SHARONE ASHIOYA OMWAKA, DR. ABRAHAM MALENYA (Ph.D)

Abstract


The main objective of this study was to assess financial risk and performance of pension schemes, a survey of pension schemes in Kenya. The study sought to establish the effect of market risk, liquidity risk, operational risk and credit risk on performance of pension schemes in Kenya. This study adopted descriptive research design and the target population was pension schemes in Kenya. A sample size of 303 pension schemes was involved in this study.  The pension schemes were selected using simple random sampling technique, and data collection sheet issued per pension scheme selected. In every pension scheme, one respondent was selected from the middle level management using purposive random sampling technique.
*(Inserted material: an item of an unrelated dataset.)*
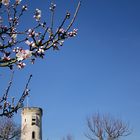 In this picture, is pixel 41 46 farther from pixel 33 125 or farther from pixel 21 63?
pixel 33 125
Quantitative data collected was analyzed by descriptive and inferential analysis.  Statistical Package for Social Sciences (SPSS helped the researcher to analyze the data. The findings were presented using tables, pie charts and bar graphs. The results indicated that market risk, credit risk, liquidity risk and operational risk negatively affected performance of pension schemes in Kenya. Therefore, the study concluded that financial risks negatively affect performance of pension schemes in Kenya. The study recommended that managers of pension schemes in Kenya should put in place conventional risk management where they should adopt proactive approaches and be forewarned by developing regulatory insight to avoid legal risks.

Key Words: Market Risk, Liquidity Risk, Operational Risk, Credit Risk

CITATION: Omwaka, S. A., & Malenya, A. (2020). Financial risk and performance of pension schemes a survey of pension schemes in Kenya. The Strategic Journal of Business & Change Management, 7(3), 912 – 929.